> [Data excerpt]
-*-
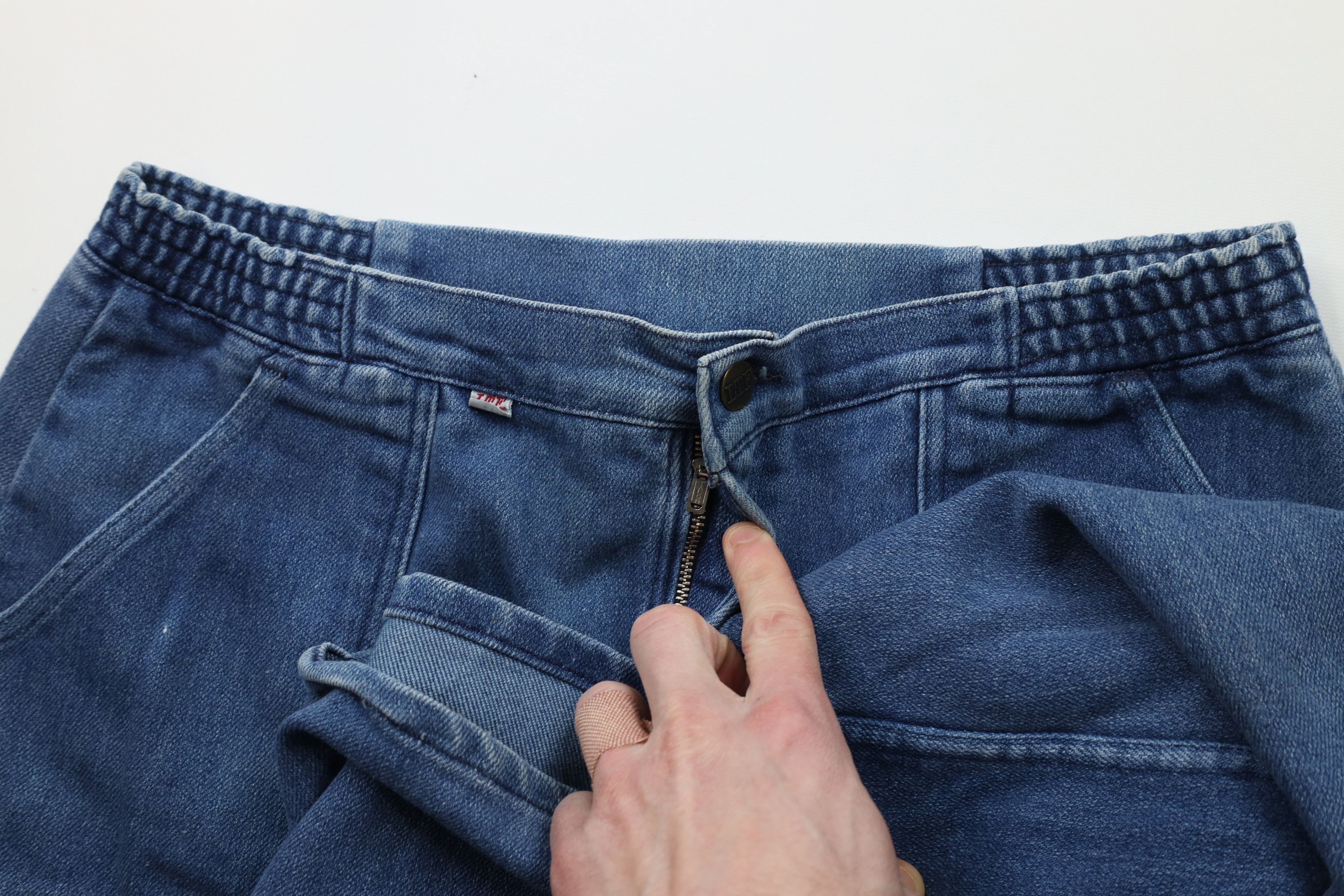 Vintage × Wrangler Vintage 70s Wrangler Wide Leg Bell Bottoms Jeans Blue USA Size US 34 / EU 50 - 7 Thumbnail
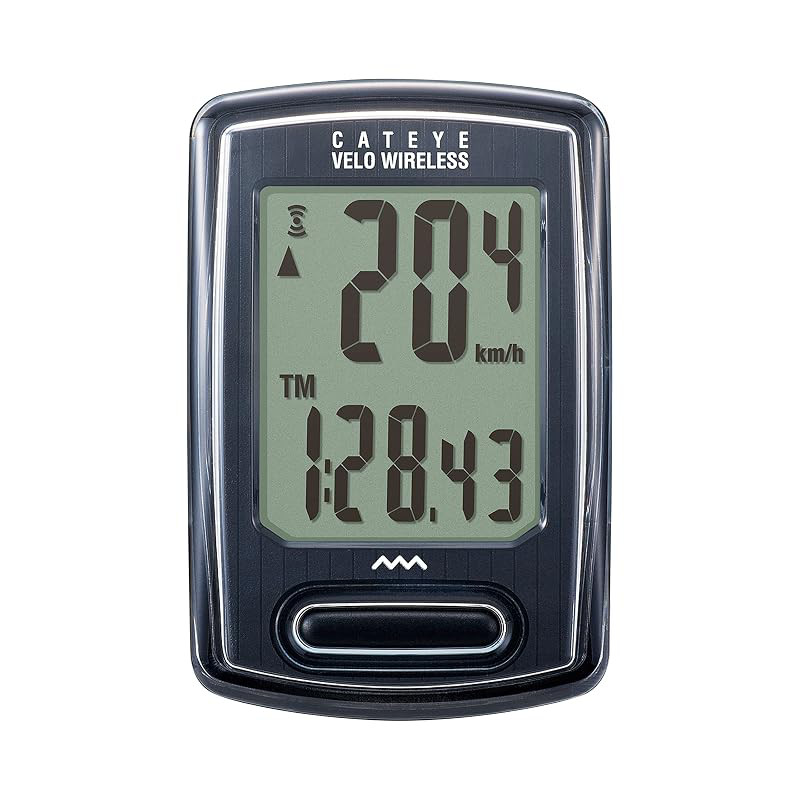 CAT EYE VELO WIRELESS Cycle Computer - Wireless Speedometer for Bicycles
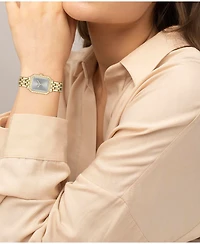 Lacoste Women's Parisienne Gold Tone Stainless Steel Bracelet Watch, 28.3 x 20.7mm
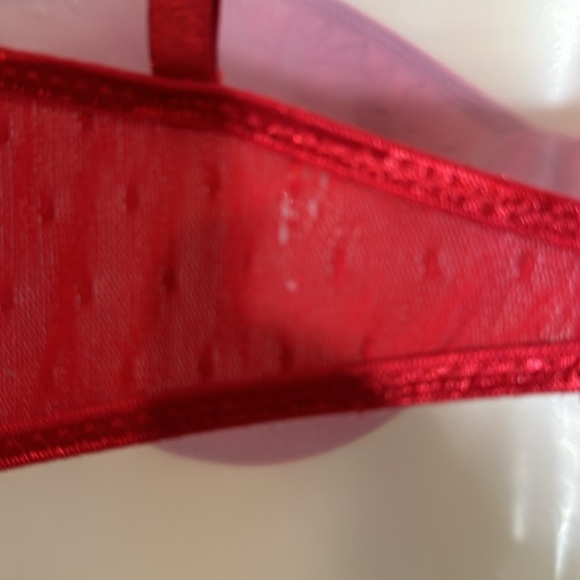 Vintage Bright Red Semi Sheer Mesh Underwire Unlined Bra No Brand - Picture 12 of 15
-*-
> [Aim of the exercise] Starting with the line that contains "Lacoste Women's Parisienne", copy every line word for word through the end of the listing above, but leave out the pictures.

> [Answer to this task]
 Lacoste Women's Parisienne Gold Tone Stainless Steel Bracelet Watch, 28.3 x 20.7mm
 Vintage Bright Red Semi Sheer Mesh Underwire Unlined Bra No Brand - Picture 12 of 15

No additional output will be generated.